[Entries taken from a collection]

######

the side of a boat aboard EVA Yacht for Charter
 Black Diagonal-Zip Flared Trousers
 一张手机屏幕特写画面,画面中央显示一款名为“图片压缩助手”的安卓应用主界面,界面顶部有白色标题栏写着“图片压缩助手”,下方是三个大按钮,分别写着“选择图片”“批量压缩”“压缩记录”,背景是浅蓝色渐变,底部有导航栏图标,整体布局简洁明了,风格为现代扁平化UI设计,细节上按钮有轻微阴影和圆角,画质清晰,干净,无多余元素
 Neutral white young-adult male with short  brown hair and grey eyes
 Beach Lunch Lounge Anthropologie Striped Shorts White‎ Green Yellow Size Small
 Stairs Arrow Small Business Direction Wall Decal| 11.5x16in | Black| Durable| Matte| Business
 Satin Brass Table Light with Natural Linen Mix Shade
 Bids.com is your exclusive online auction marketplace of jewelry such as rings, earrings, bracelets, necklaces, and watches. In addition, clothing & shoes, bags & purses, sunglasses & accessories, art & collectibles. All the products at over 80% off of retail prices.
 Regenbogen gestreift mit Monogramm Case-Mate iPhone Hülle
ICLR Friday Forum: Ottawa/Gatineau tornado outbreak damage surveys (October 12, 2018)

######

§ **ASSIGNMENT**
Go through the records above and return every line that holds the string "with".

§ **OUTPUT BELOW**
 Neutral white young-adult male with short  brown hair and grey eyes
 Satin Brass Table Light with Natural Linen Mix Shade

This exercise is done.